Clemens Vonrhein schrieb:
> Hi Kay,
> 
> On Fri, Feb 22, 2008 at 10:18:26AM +0100, Kay Diederichs wrote:
>>> By the way, I think a part of the problem may also arise that CORRECT or 
>>> XSCALE apply too many correction factors -- try CORRECTIONS=DECAY only. 
>>> Gives worse R-factors and worse I/sig(I) but sometimes nicer intesity 
>>> distributions.
>> Sorry, have to disagree. Just look at e.g. MODPIX.pck and you know why 
>> the MODULATION correction is needed. The detectors are unfortunately not 
>> ideal.
> 
> True - if the correction leads to perfect data.

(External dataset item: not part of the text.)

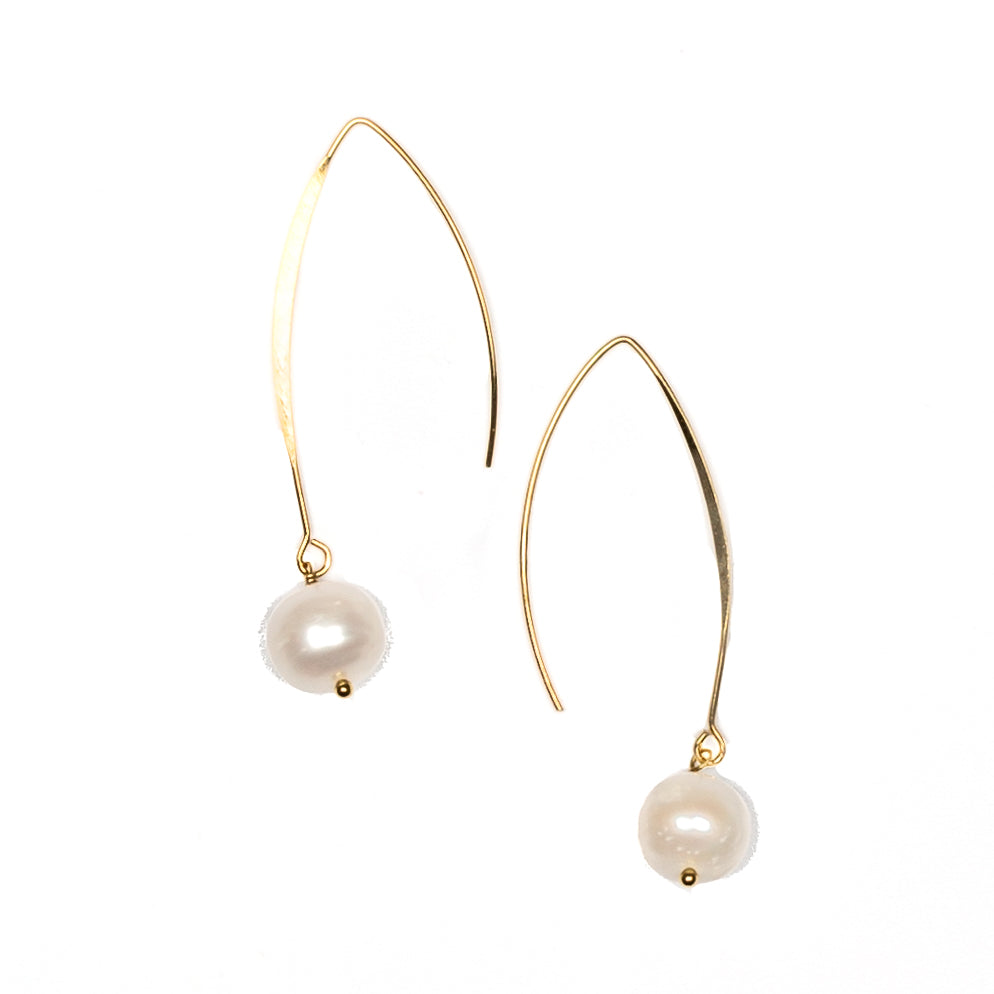 Boucles d'oreilles pendantes perles - Plaqué or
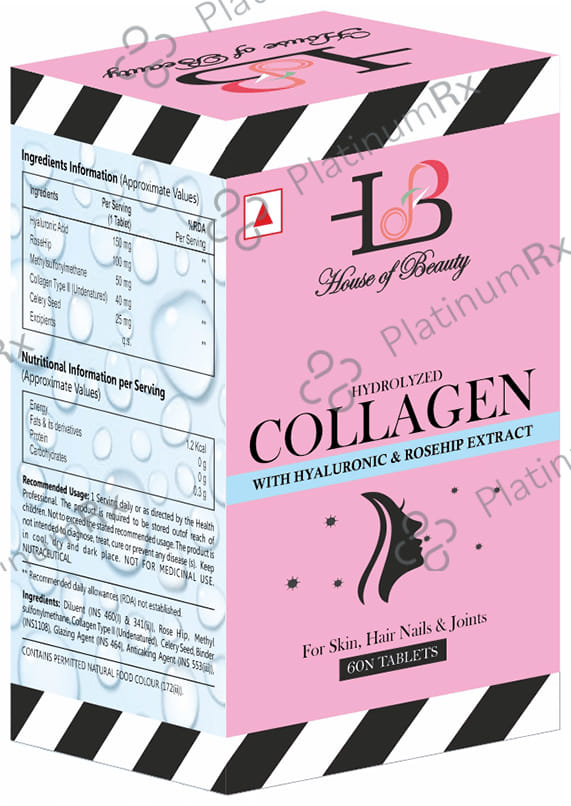 House of Beauty Hydrolyzed Collagen with Hyaluronic & Rosehip Extract Tablet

I could see cases
> where _not_ doing the corerction can be beneficial though: the
> reflections in the non-ideal areas of the detector are kept in so bad
> shape, that the scaling/merging step remove them as outliers (keeping
> good symmetry-related copies of those reflections in). This might be
> better than having a partially corrected reflection in the dataset
> that fails the outlier-rejection test and then adds additional noise
> to e.g. a small anomalous difference.

Unlikely: XDS does not correct in the outer areas of the detector that 
have no reflections above MINIMUM_I/SIGMA= (default 3). And it needs 
REFLECTIONS/CORRECTION_FACTOR= (default 50) of these. By VIEWing 
MODPIX.pck you can see where on the detector corrections are made.

> 
> But in general I agree: these corrections in CORRECT work quite well
> and one should always start with the defaults (as with all other
> software: the authors usually have a pretty good idea and reason why a
> default is what it is).
> 
> If the structure doesn't refine well or isn't solved fully
> automatically, there is always a possibility and go back to the
> integration and change those defaults. E.g. the default in XDS is to
> not refine any parameters during the INTEGRATE step: this can also be
> changed I guess to follow e.g. changes in distance (misaligned
> crystal), detect cell change due to radiation damage etc etc.
> 
> Cheers
> 
> Clemens
> 


I can only add to this:
- as always, if you know what you're doing you can sometimes get better 
data by changing parameters from their defaults
- this is one of the reasons to start XDSwiki - if all data, programs 
and defaults were perfect there would not be a real reason
- the user is strongly advised to read (and think about) the .LP files, 
as well as to inspect (with VIEW) the .pck files written by XDS. This, 
too, is not different from any other piece of fairly complex software.